Еще раз о Западе, Востоке и России

Существует ли общий и ясный критерий различения основных типов цивилизаций в мире? Полагаю, позволительно один раз высказаться по этому поводу.

Коль скоро речь идет о цивилизациях, искомый критерий нужно искать в характере человеческой рефлексивности или, как говорили раньше, формах объективации духа. Замечу, что сами по себе эти формы проявляются в рамках универсальной структуры человеческой практики, включающей в себя три главных измерения или уровня. Последние во многом соответствуют трем видам знания, выделенным М. Шелером, а именно: знанию научному, образовательному и спасительному.

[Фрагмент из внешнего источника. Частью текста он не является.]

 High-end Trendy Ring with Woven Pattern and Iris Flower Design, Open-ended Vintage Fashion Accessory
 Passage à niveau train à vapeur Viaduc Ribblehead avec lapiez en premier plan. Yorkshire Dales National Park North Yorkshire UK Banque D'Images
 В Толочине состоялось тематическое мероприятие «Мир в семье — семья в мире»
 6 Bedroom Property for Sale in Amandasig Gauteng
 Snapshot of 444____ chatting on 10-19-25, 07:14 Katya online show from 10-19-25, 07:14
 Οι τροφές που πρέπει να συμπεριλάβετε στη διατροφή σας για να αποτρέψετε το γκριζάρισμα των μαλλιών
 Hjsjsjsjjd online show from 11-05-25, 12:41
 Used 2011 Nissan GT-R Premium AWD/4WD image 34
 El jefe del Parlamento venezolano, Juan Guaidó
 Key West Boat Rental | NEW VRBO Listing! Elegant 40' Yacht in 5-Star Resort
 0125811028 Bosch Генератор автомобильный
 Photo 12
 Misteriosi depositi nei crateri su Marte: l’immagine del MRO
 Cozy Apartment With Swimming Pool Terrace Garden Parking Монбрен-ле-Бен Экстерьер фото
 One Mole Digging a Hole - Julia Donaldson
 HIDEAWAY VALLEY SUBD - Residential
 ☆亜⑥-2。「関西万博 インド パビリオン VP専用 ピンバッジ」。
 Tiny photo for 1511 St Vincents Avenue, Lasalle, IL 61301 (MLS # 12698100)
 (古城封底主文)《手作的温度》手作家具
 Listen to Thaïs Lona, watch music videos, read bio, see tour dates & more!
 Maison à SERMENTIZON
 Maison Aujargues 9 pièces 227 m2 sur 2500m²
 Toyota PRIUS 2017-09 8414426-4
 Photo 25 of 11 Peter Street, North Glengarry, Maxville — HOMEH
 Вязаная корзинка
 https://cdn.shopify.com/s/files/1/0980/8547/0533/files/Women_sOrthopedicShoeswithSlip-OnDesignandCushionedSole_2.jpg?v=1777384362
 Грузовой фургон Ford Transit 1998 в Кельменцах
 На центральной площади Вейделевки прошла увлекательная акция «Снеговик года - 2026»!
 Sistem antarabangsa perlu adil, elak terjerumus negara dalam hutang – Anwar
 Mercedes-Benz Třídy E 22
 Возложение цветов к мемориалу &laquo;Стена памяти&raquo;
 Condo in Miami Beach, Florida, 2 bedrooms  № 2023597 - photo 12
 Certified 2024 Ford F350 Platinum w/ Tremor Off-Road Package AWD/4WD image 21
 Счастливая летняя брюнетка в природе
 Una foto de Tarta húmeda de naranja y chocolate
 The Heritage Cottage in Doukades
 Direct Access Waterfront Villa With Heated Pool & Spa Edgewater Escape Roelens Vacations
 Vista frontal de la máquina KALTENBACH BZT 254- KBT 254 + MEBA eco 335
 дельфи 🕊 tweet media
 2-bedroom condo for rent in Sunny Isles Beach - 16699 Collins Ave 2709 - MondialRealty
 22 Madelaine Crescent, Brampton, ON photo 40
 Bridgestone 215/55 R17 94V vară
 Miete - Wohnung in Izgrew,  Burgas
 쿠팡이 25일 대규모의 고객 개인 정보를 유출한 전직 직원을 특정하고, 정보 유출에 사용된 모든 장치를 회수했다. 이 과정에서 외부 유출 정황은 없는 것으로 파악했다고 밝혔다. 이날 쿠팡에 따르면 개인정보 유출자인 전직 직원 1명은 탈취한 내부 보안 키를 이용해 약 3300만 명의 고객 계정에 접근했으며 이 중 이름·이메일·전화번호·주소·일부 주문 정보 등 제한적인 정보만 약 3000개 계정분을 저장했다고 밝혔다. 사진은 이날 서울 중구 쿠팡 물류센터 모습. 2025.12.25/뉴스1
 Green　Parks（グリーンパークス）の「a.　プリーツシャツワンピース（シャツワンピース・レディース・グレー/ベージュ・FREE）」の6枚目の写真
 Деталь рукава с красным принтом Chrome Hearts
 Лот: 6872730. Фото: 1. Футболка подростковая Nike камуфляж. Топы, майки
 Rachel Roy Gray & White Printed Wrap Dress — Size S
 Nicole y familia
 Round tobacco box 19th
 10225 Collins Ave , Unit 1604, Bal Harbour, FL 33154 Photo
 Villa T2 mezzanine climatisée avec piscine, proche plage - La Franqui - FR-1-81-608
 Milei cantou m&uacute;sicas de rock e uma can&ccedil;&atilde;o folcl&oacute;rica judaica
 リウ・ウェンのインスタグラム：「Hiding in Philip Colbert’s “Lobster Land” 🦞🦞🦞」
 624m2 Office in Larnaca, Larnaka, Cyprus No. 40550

Действительный исток и вместе с тем исход, итог человеческого самопознания есть сама бытийственность бытия, опыт абсолютного Присутствия или, если говорить в терминах времени, вечнопреемственность жизни в духе. В восточной мысли этот источник и одновременно среда всякого сознания и сознавания обозначается понятиями всеобъемлющей "пустоты" (неотличимой от предельной наполненности) или "таковости" существования ( Татхагата в буддизме, цзыжань в даосизме). На Западе свидетельства этой реальности содержатся, главным образом, в наследии духовных подвижников и мистиков.

Опыт индивидуации исходных посылок сознания, который формирует человеческую личность, соответствует культурной практике в собственном смысле слова или, по Шелеру, "образовательному знанию". Формы культуры имеют принципиально двойственный статус, поскольку они обладают как внутренним, так и внешним измерением: первое относится к опыту открытости зиянию бытия, или "смыслу" вещей (который сам есть безусловная открытость); второе представлено паутиной объективных "значений" вещей. Культура заключает в себе фундаментальную драму человеческого существования; она есть летопись утрат и упований человеческой души, область творчества как возобновления всего вечносущего в человеке.

Собственно цивилизация в рамках предложенной схемы сводится к объективированным формам практики, уже утратившим связь с внутренним опытом. Это область технического знания и идеологии, ищущих не понимания и духовной полноты жизни, а власти над природой и человеком. Человек цивилизации может быть вполне равнодушен к жизненной правде и даже морали.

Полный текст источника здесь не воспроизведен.